I own a cycling jacket made by Pilot, which seems to have a cut very close (maybe even identical) to the jackets that many Luftwaffe pilots wore.
I'm really in love with this fabulous jacket, but I can attest that it's really not practical. It's difficult to raise your arms, movement are limited,...
I guess it must have been complicated to do some things : like raising your arms to close the canopy of the Bf 109 for example.

Enigma1938 may be able to validate my opinion because he has the same cyclist jacket as me.

I'm convinced that the pilots wore this kind of jacket only for style. They were concerned about their appearance, and it's a jacket that enhances the silhouette.
In my opinion it is only a "fashion effect" and not a choice dictated by the practicality of the jacket.
I totally agree on this. Fact is the jacket itself looks pretty cool and makes a flattering appearance, but as Kermit pointed out it is not practical at all.

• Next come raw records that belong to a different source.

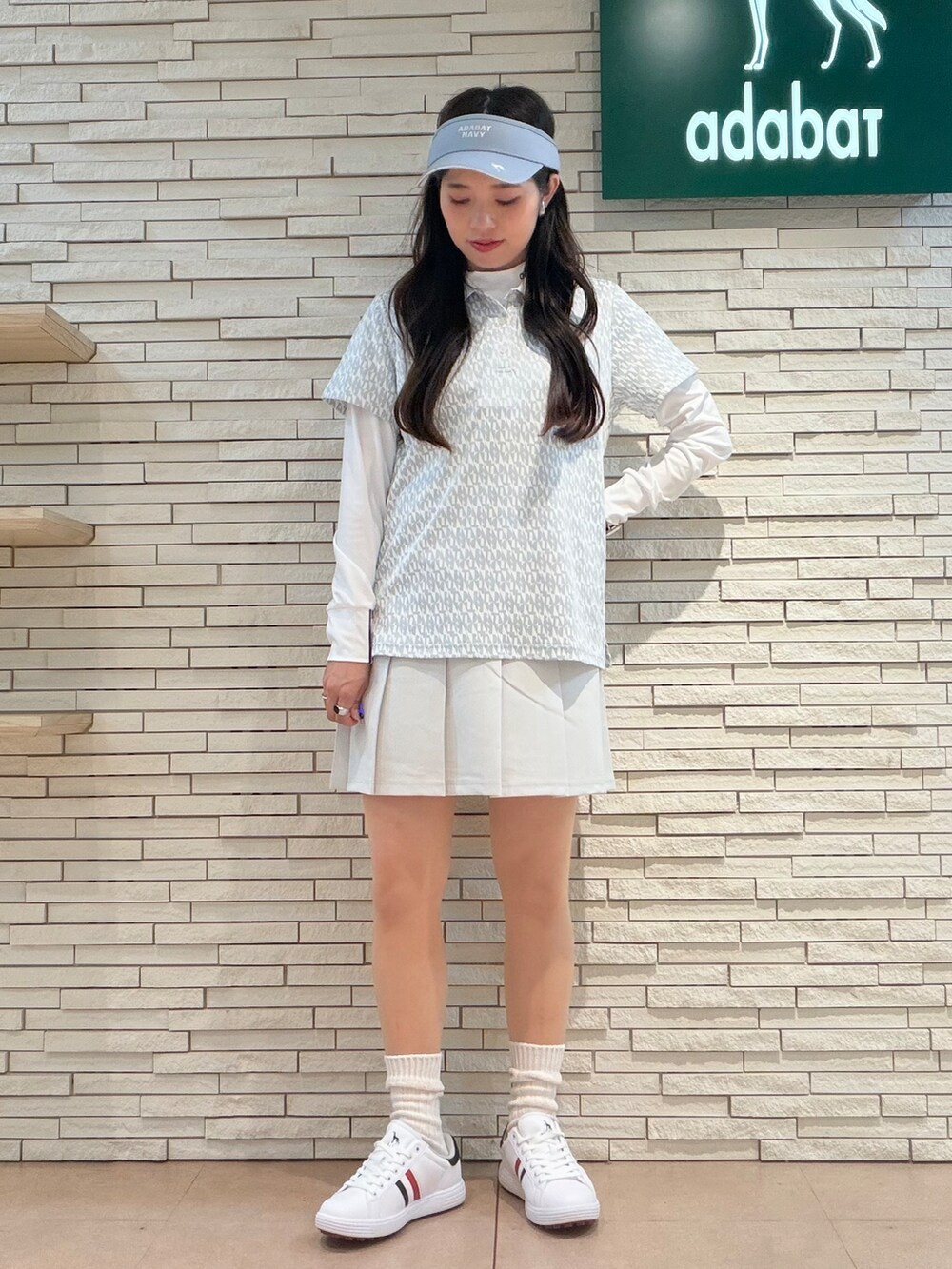 ホワイト系のTシャツ/カットソー、グレー系のポロシャツ、グレー系のスカートを着用したレディースの秋コーディネートの8枚目の写真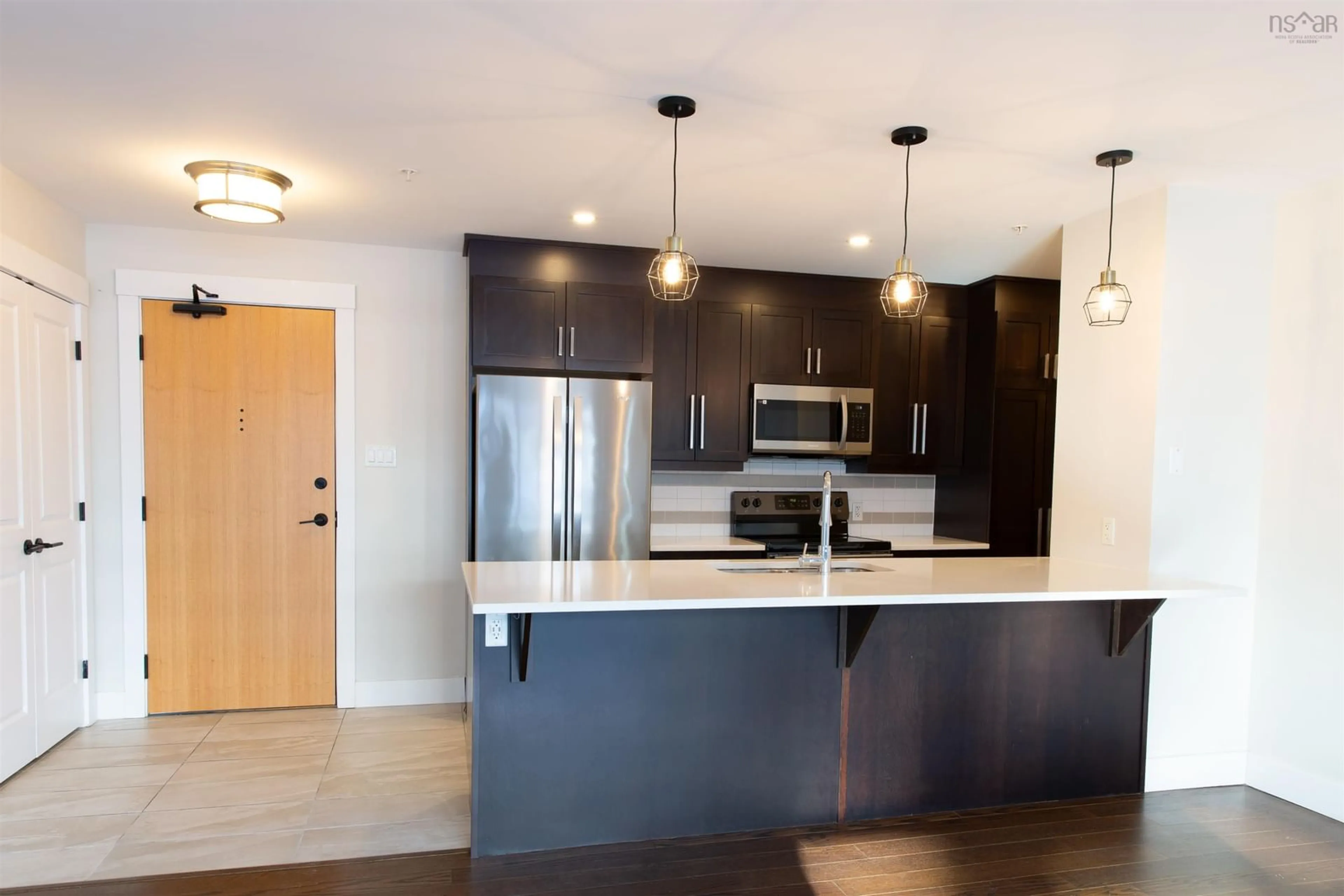 Open concept kitchen, wood/laminate floor for 1990 Vernon St #302, Halifax Peninsula Nova Scotia B3H 0B8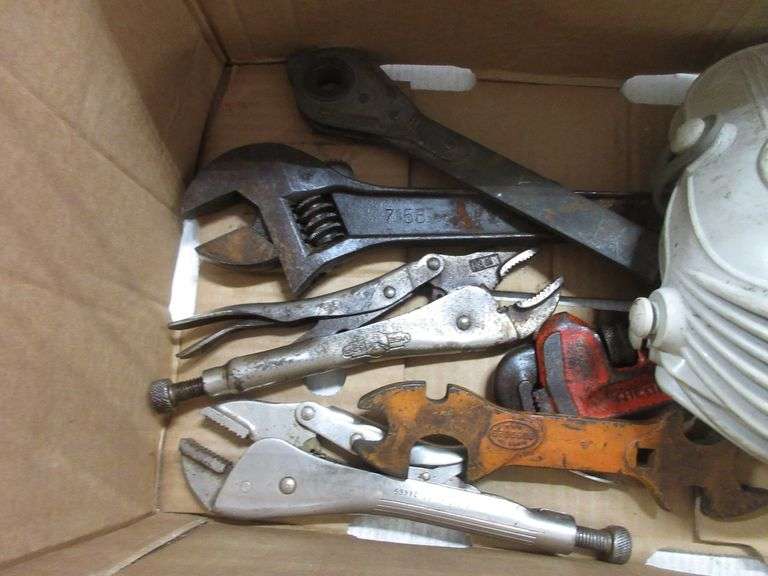 Set of knee pads, large Ridgid crescent wrench, large channel locks, (2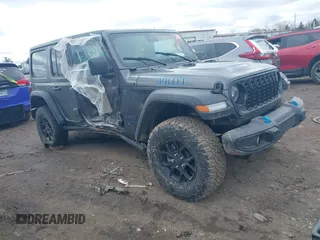 2024 Jeep Wrangler Sport S with VIN 1C4RJXN67RW215606, listed as a IAAI auction lot 41737708 with 8,863 mi miles and . Bid and sale history available at DreamBid. Image 1.
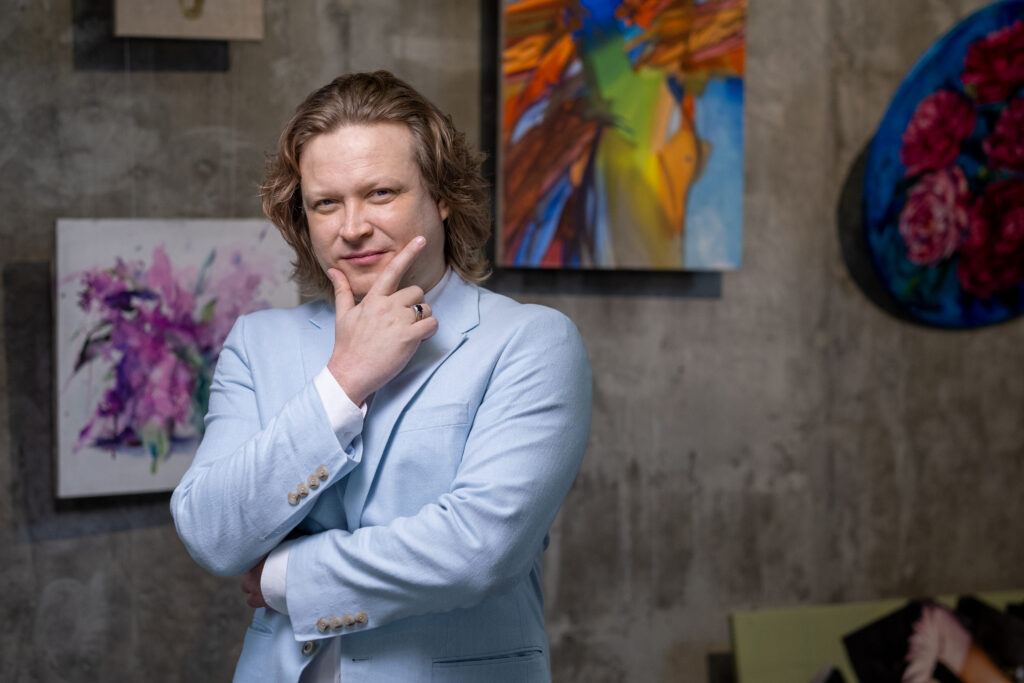Mature artist in blue jacket standing against wall with his artworks in art gallery and looking at you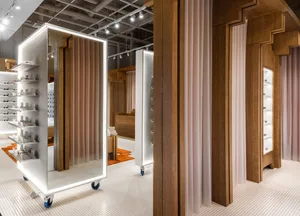 Modern eyewear store with metal, glass, wood, and silk materials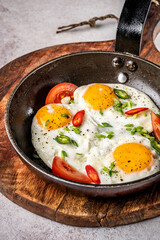 Fried eggs with tomatoes and chili peppers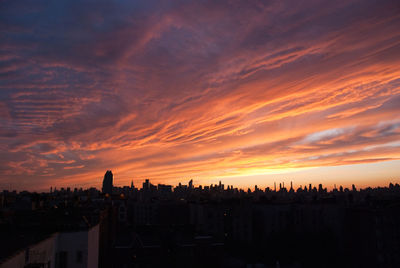 High angle view of silhouette buildings against sky during sunset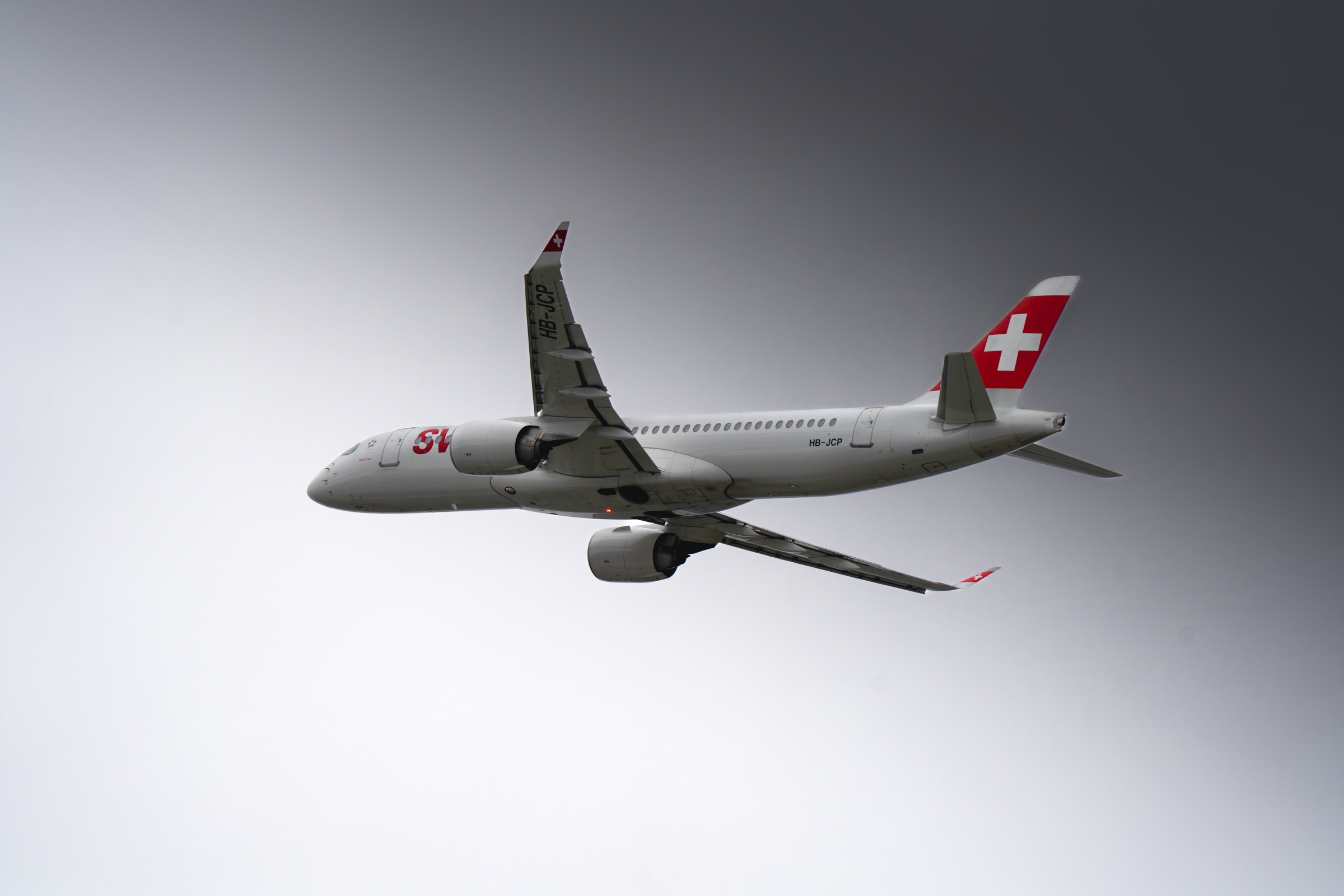 Airplane photographed in the sky over Geneva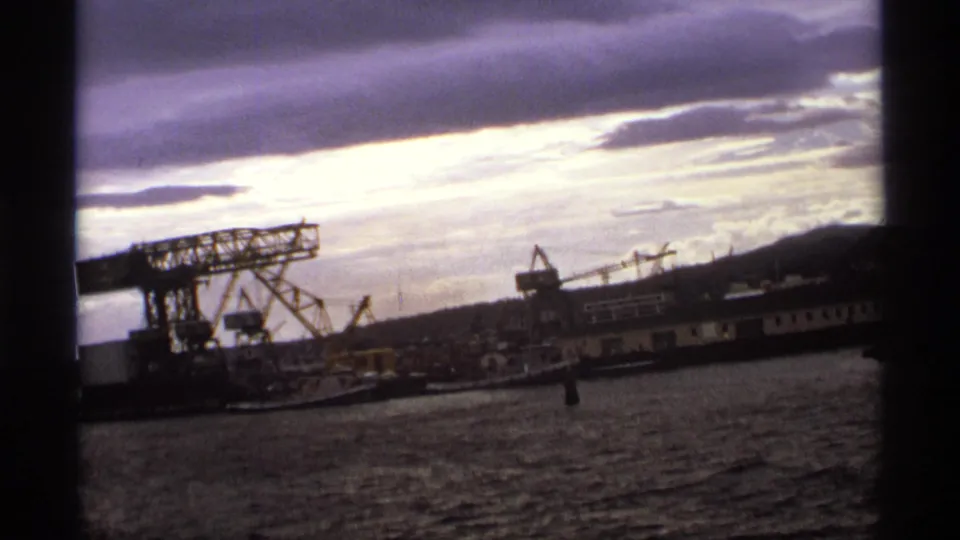 Wide 1974 8mm harbor view with shipyard cranes, waterfront buildings, open water, and a dramatic cloudy sky.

What makes me wonder is why this type of jacket was obviously so popular as a working jacket back then in the 30s 40s. Just like Kermit I really love my cyclist jacket but it would be impossible for me to do hard work in it.
 

Rory Schultz

Active Member
I also do not believe they wore them along with their decorations every time they went into combat. I tested the theory and those decorations flew off or broke off from the slightest buffet of wind. 30 mph on my Indian and off they went! And I had them bound pretty tight to the jacket! Sewn on badges work not regular decorations. So unless those pilots had time to take all of it off before a scramble then its BS. They wore those jackets with all their fancy decorations only on the ground and rarely ever in a combat scenario just for show. I can't see some pilot wearing an RK oak leaf swords and diamonds scrambling to make sure his is on straight, or covered well enough to not be ripped off once he has to bail out! Can you imagine an Heer Officer in a muddy, shit filled foxhole make a dive in the line of gunfire because he dropped his fancy RK on the way?
There is a ton more I can say but it will just make ppl pissed off
 

Rory Schultz

Active Member
I totally agree on this. Fact is the jacket itself looks pretty cool and makes a flattering appearance, but as Kermit pointed out it is not practical at all.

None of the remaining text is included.